Hoy lo veo claro, en el mundo de los niños siempre se repite el mismo esquema. Cuando tienes cinco años ya eres mayor y no quieres saber nada de los de tres, lo mismo les pasa a los de cuatro con los de dos o a los de ocho con los de seis. Poco a poco la vida te pone en tu sitio, las edades se equiparan y empiezas a saborear el valor de la amistad. 

No puedo imaginarme que las cosas fuesen de otra manera. ¡Ay,  se me escapa un suspiro al pensar en aquella época! y ojo a quien se le ocurra meterse con las coletas de mi prima. Aquí estoy yo, la mayor, para defenderla.

Ojalá les pase lo mismo a nuestros hijos, que ahora lloran porque el mayor no quiere ir con el pequeño y el pequeño no quiere separarse del mayor, pero al final comparten juegos y pandilla como su madre y yo. Sueño con que se esté forjando una amistad entre ellos y que con el paso de los años suspiren por esta época tan bonita de infancia y pueblo.

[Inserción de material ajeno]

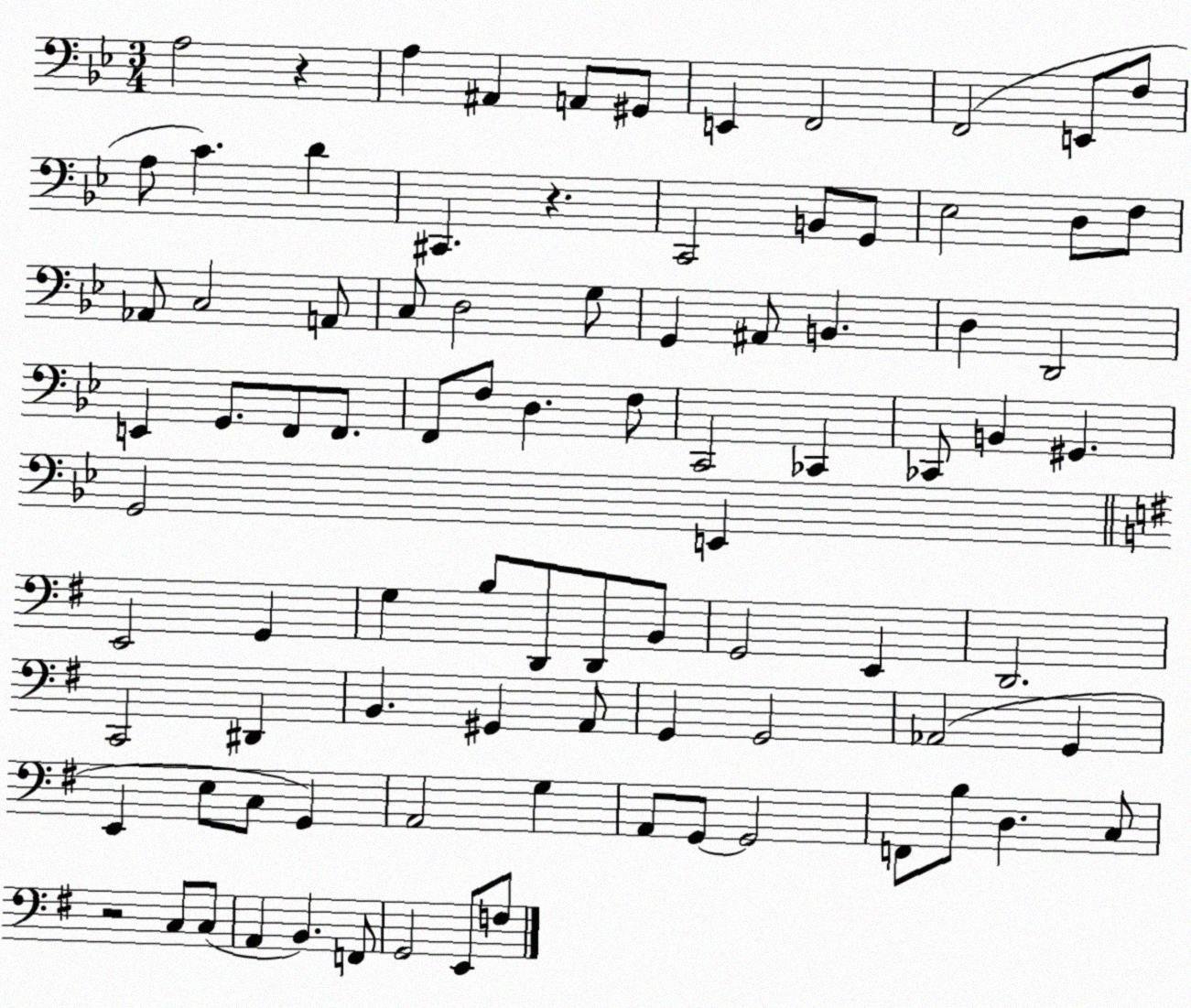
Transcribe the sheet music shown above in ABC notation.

X:1
T:Untitled
M:3/4
L:1/4
K:Bb
A,2 z A, ^A,, A,,/2 ^G,,/2 E,, F,,2 F,,2 E,,/2 F,/2 A,/2 C D ^C,, z C,,2 B,,/2 G,,/2 _E,2 D,/2 F,/2 _A,,/2 C,2 A,,/2 C,/2 D,2 G,/2 G,, ^A,,/2 B,, D, D,,2 E,, G,,/2 F,,/2 F,,/2 F,,/2 F,/2 D, F,/2 C,,2 _C,, _C,,/2 B,, ^G,, G,,2 E,, E,,2 G,, G, B,/2 D,,/2 D,,/2 B,,/2 G,,2 E,, D,,2 C,,2 ^D,, B,, ^G,, A,,/2 G,, G,,2 _A,,2 G,, E,, E,/2 C,/2 G,, A,,2 G, A,,/2 G,,/2 G,,2 F,,/2 B,/2 D, C,/2 z2 C,/2 C,/2 A,, B,, F,,/2 G,,2 E,,/2 F,/2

Las coletas se conviertieron en cortes de pelo a la moda, la mayor corre hoy menos que la pequeña y la ropa se comparte sin envidias ni llantos si es que la talla acompaña. Y no sólo eso, las llantinas de antaño se han convertido en risas compartidas y mucho más y se echan de menos las dos coletas de mis recuerdos, con la recta más recta de la comarca de La Hoya, por donde ahora corre nuestra vida unida por una línea imaginaria.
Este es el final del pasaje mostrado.